Moving forward, our goals can be summarized as follows:
We will continue to work with the Istio open-source community to enhance the data push capability of Pilot. With ultra-large-scale application scenarios like the Double 11 online shopping promotions at Alibaba, we have rather large and demanding requirements for Pilot’s data push capability. However, we believe that, in the process of pushing the envelope and pursuing an even greater level of excellence, we can work with several different open-source communities to accelerate the construction of the next generation of new, open standards.
Connected to this, internally at Alibaba, we have established a co-creation partnership with the Nacos team. We will connect to Nacos through the community’s miscabling protocol (MCP) so that the great multitude of Alibaba’s open-source technical components can collaborate in a systematic manner.

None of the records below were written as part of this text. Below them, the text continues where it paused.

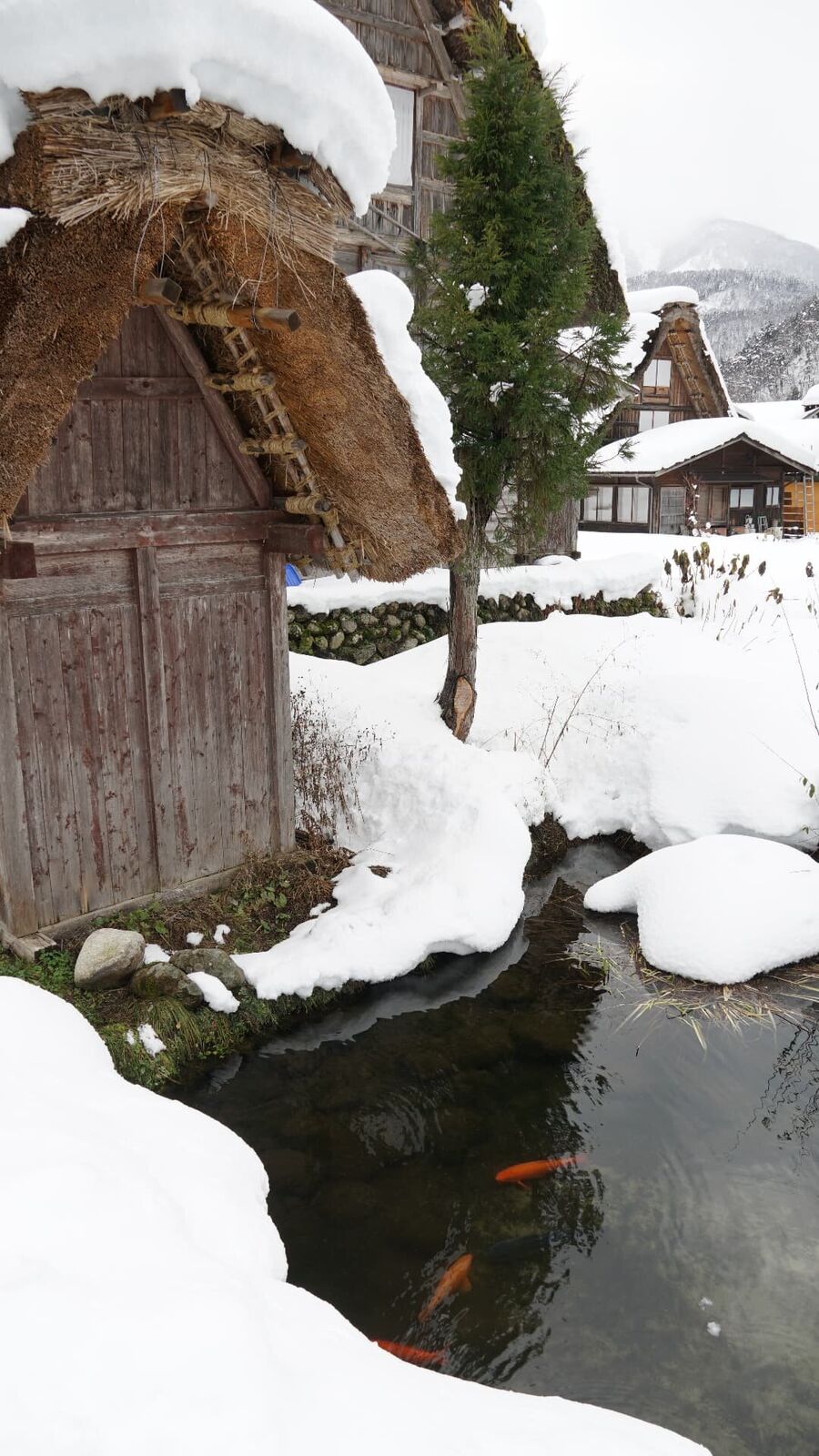 Koi fish visible under thin ice in a snow-rimmed pond beside a traditional house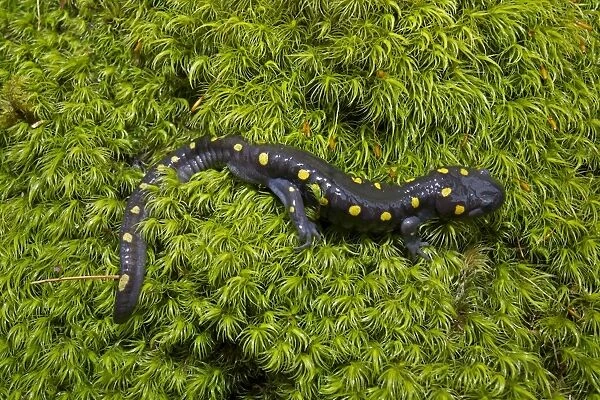 Spotted Salamander - at breeding pond in spring - Common in the eastern United States and Canada - New York - USA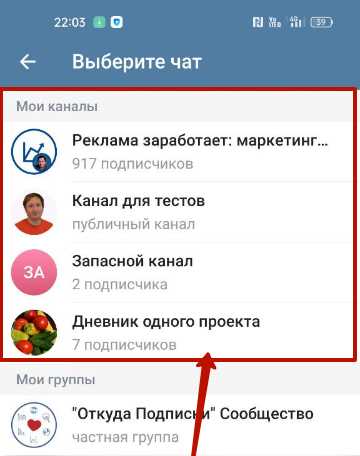 Настройка прав и ограничений бота в группе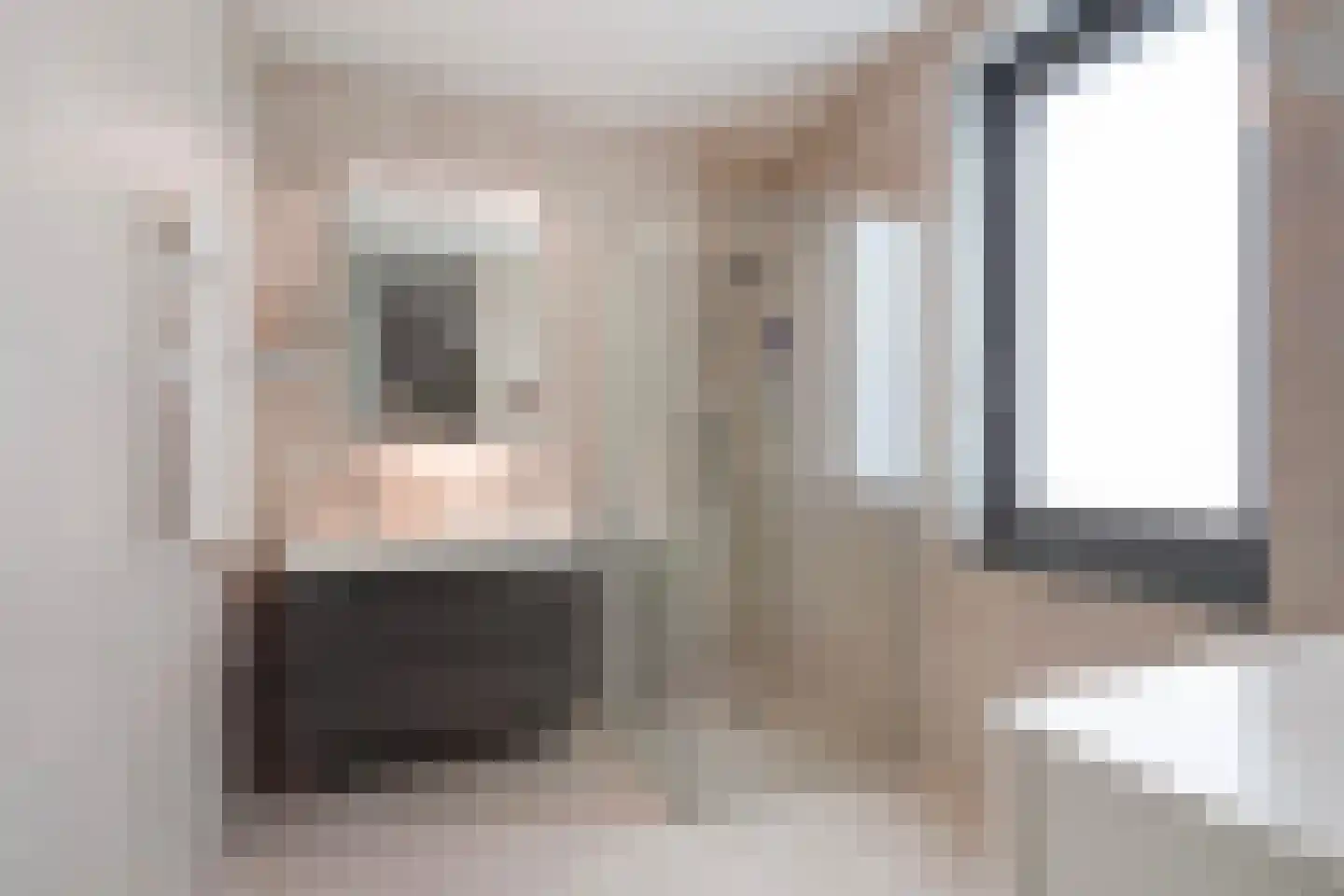 Van der Hoogenhof 3 Den Haag thumbnail 32
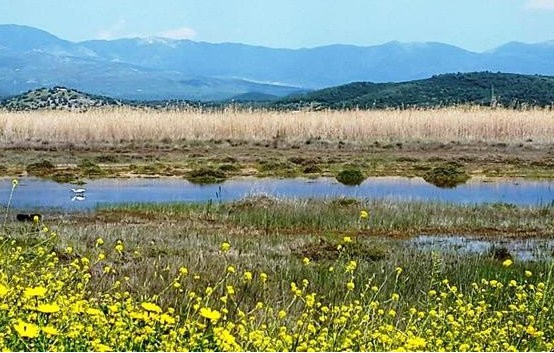 Ανοιξιάτικη επίσκεψη στον υγροβιότοπο του Κολοβρέχτη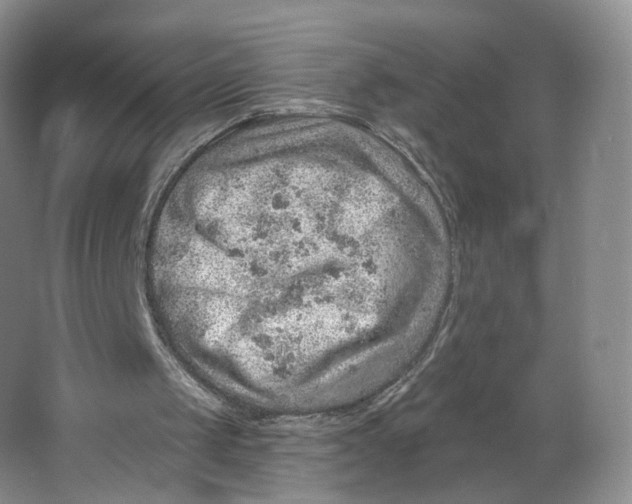 X0000063450049200602101659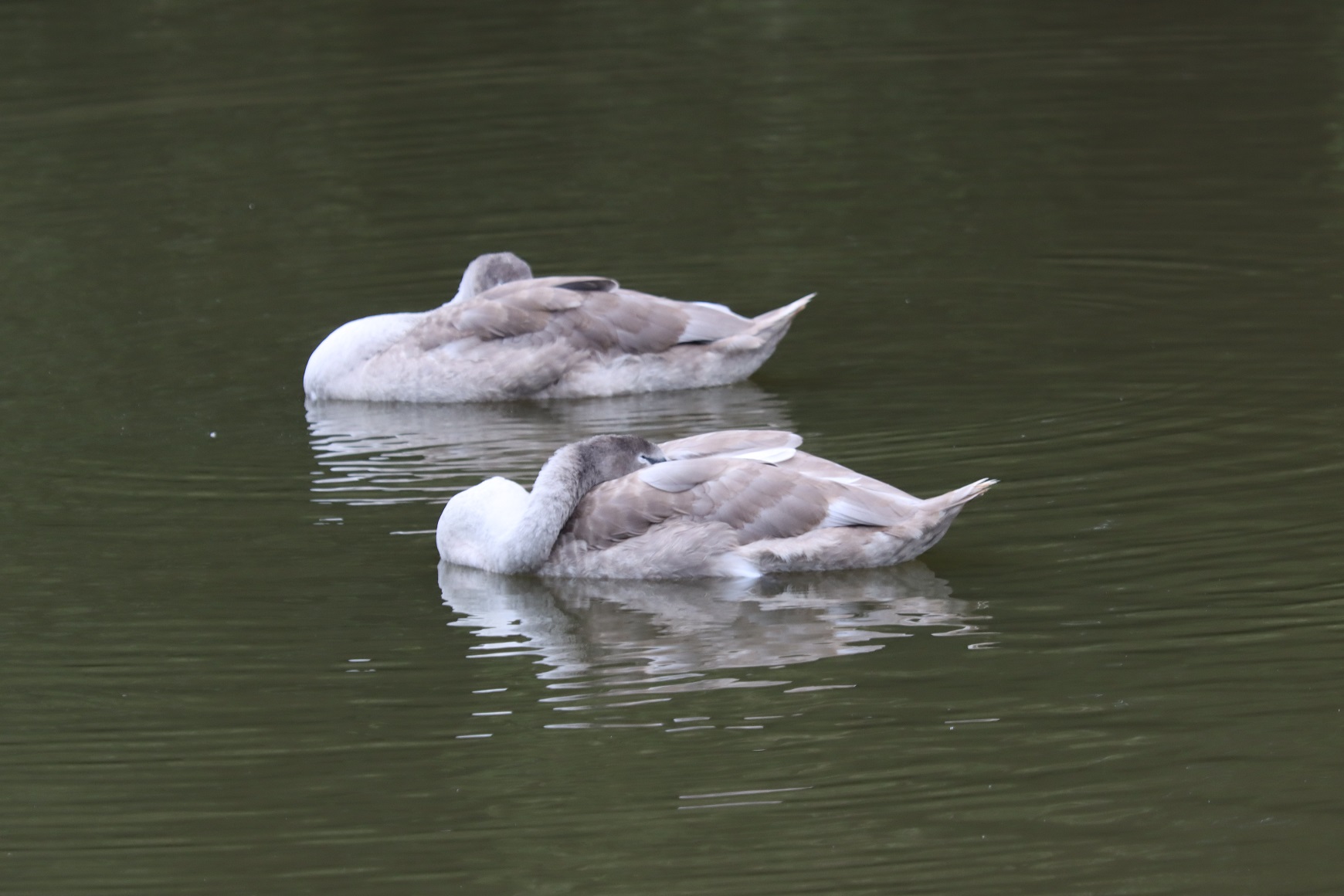 Mute Swan juvenile's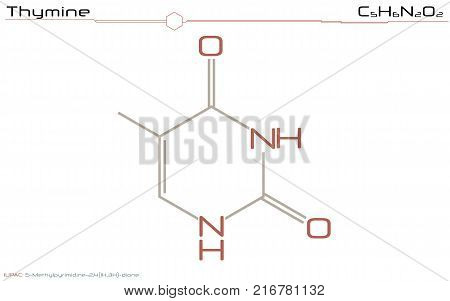 Infographic and molecular informations about the molecule Thymine.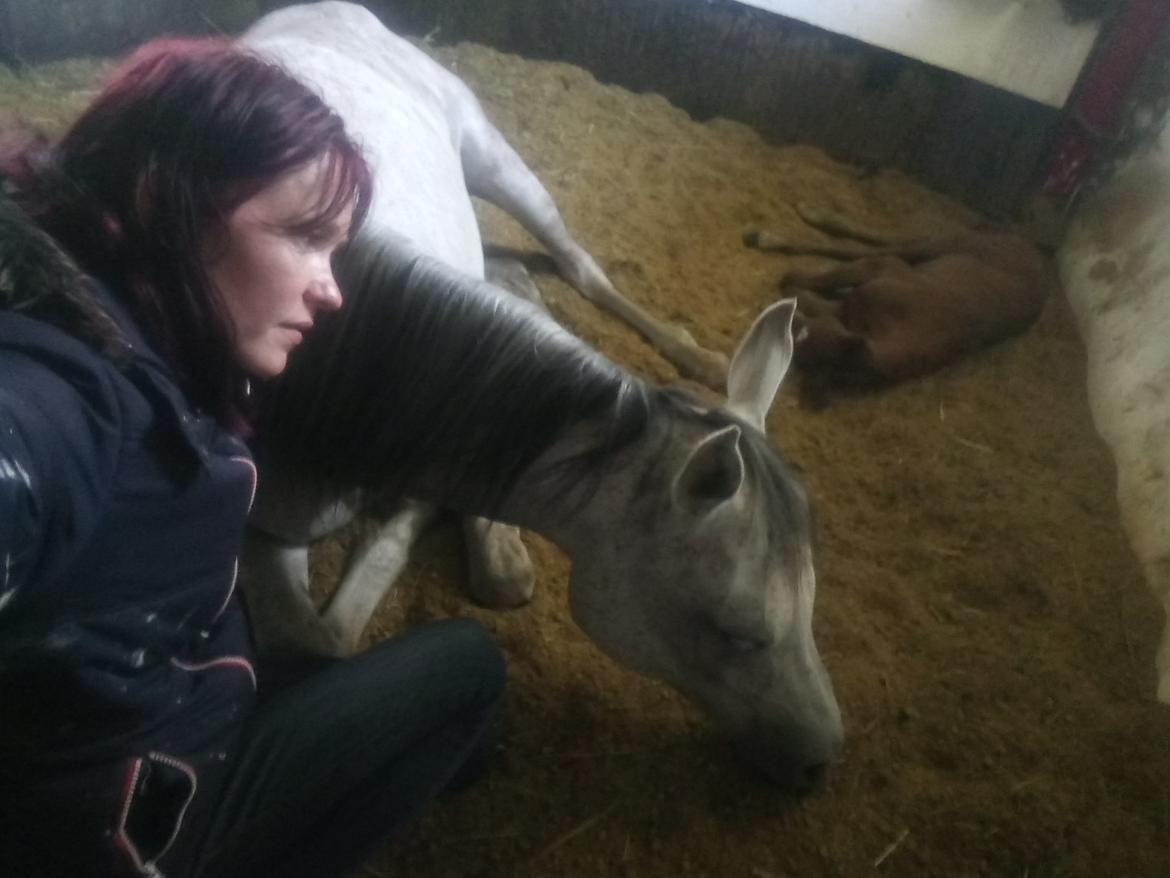 Arabisk fuldblod (OX) Shanzy bint sharifa ox *SOLGT* billede 46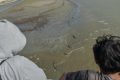 36 Buaya Mendiami Sungai Palu, Warga Diminta Waspada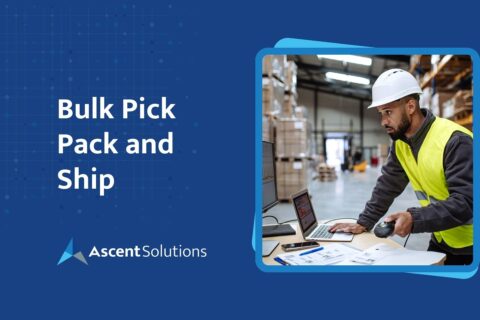 Bulk Pick Pack and Ship - Ascent ERP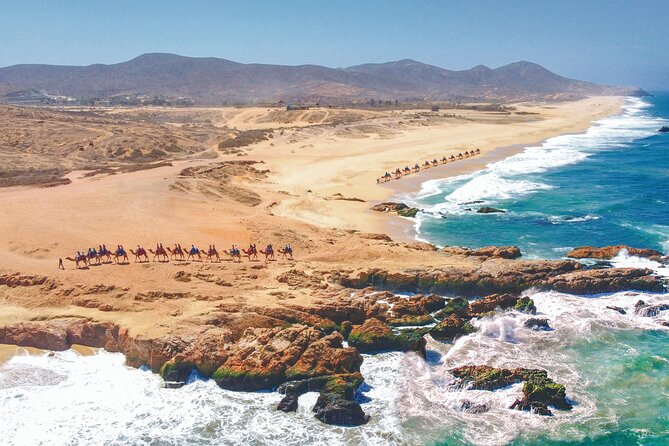 Combo 4x4 Automatic ATV and Camel Ride Tour in Cabo San Lucas - Price and Extra Fees: What $175 Really Becomes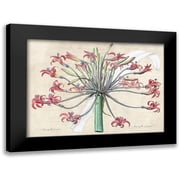 Dellal, Remy 14x11 Black Modern Framed Museum Art Print Titled - Josephines lily- After Redoute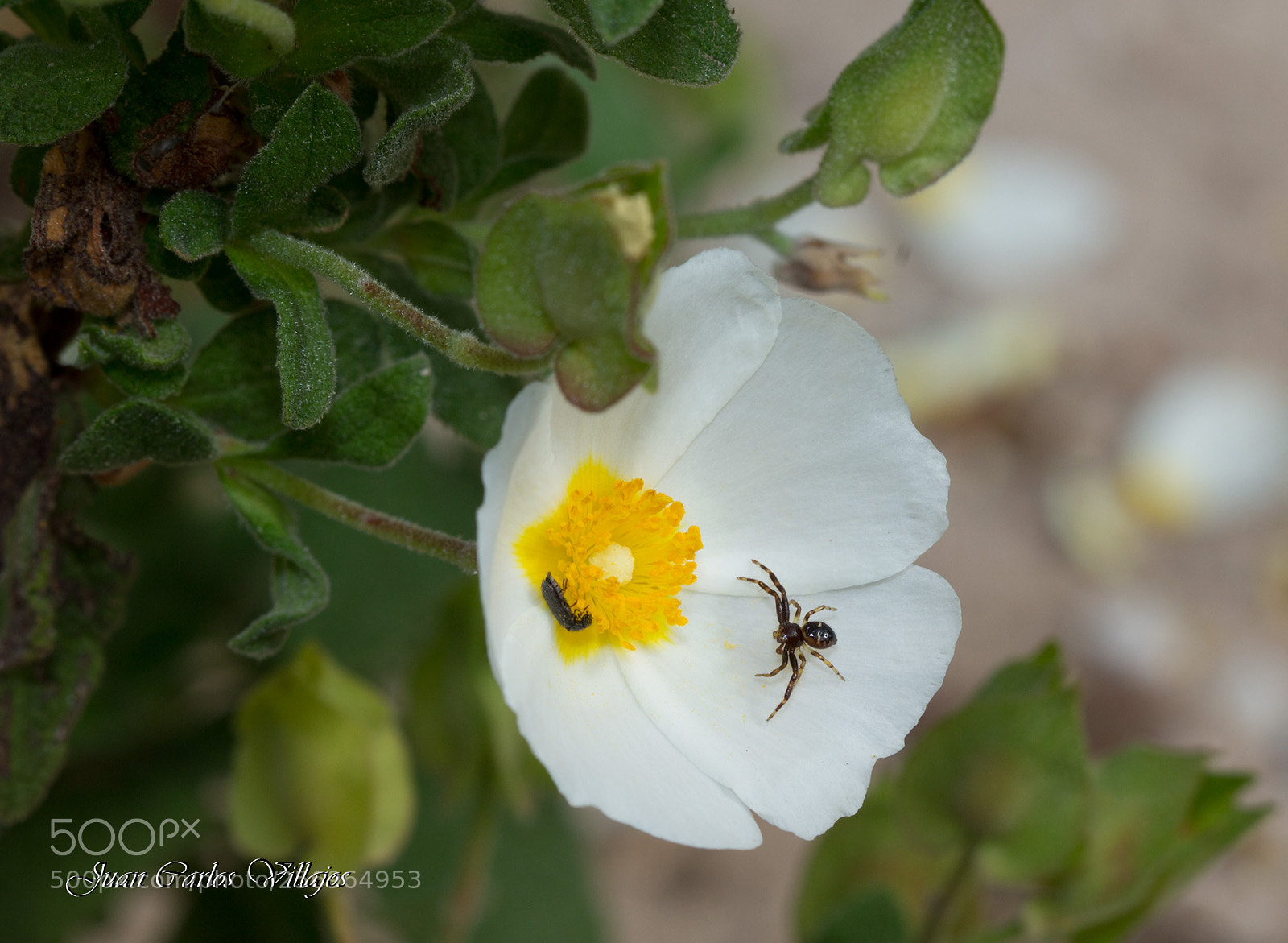 Canon EOS 6D sample photo. Mg web photography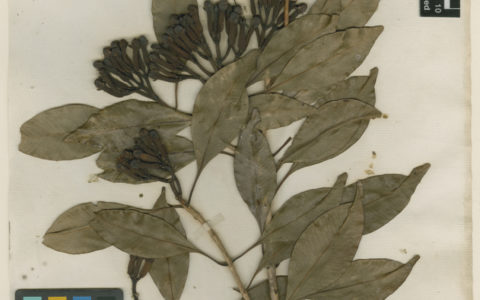 An Ethnobotanist's Journey Through the Linnean Society's Archives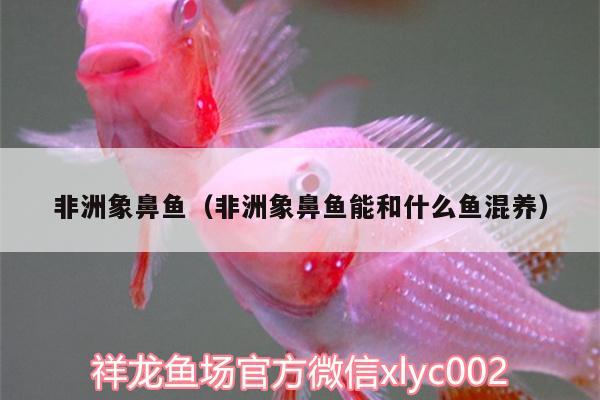 非洲象鼻魚（非洲象鼻魚能和什么魚混養(yǎng)） 非洲象鼻魚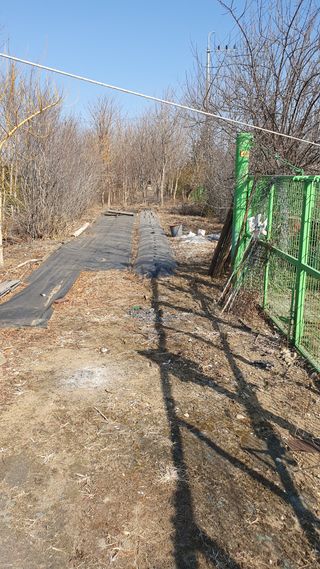 송완춘님의 고추 · 영농일지 작성글 사진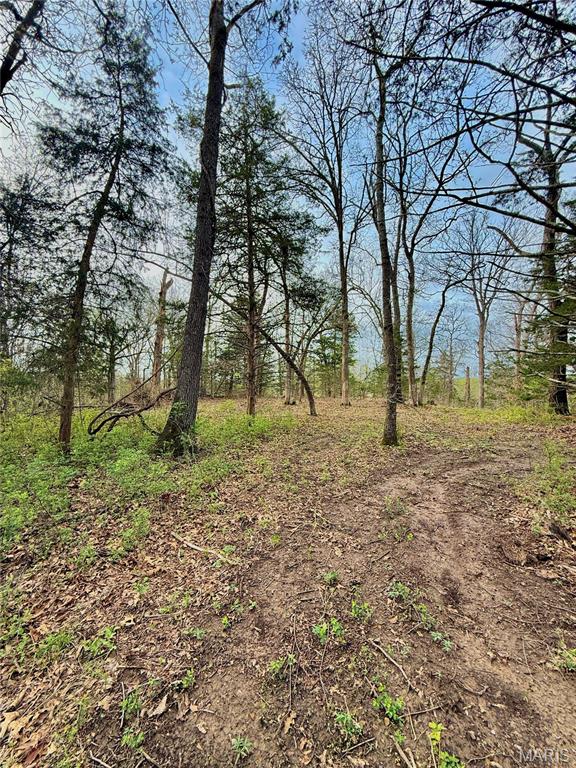 Tbd Southeast Tbd Se 800th Road Collins, MO 64738 - Photo 34 of 36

And, following this, by integrating Istio and Envoy, we will also further optimize the protocols and data management structures for both Istio and Envoy, and reduce memory overhead through a more refined and rational data structure. And we will also focus on solving O&M capacity building issues for large-scale Sidecars. As such, Sidecar upgrades can be phased, monitored, and rolled back. Similarly, we will monetize Service Mesh, allowing businesses and technical facilities to evolve independently and more efficiently.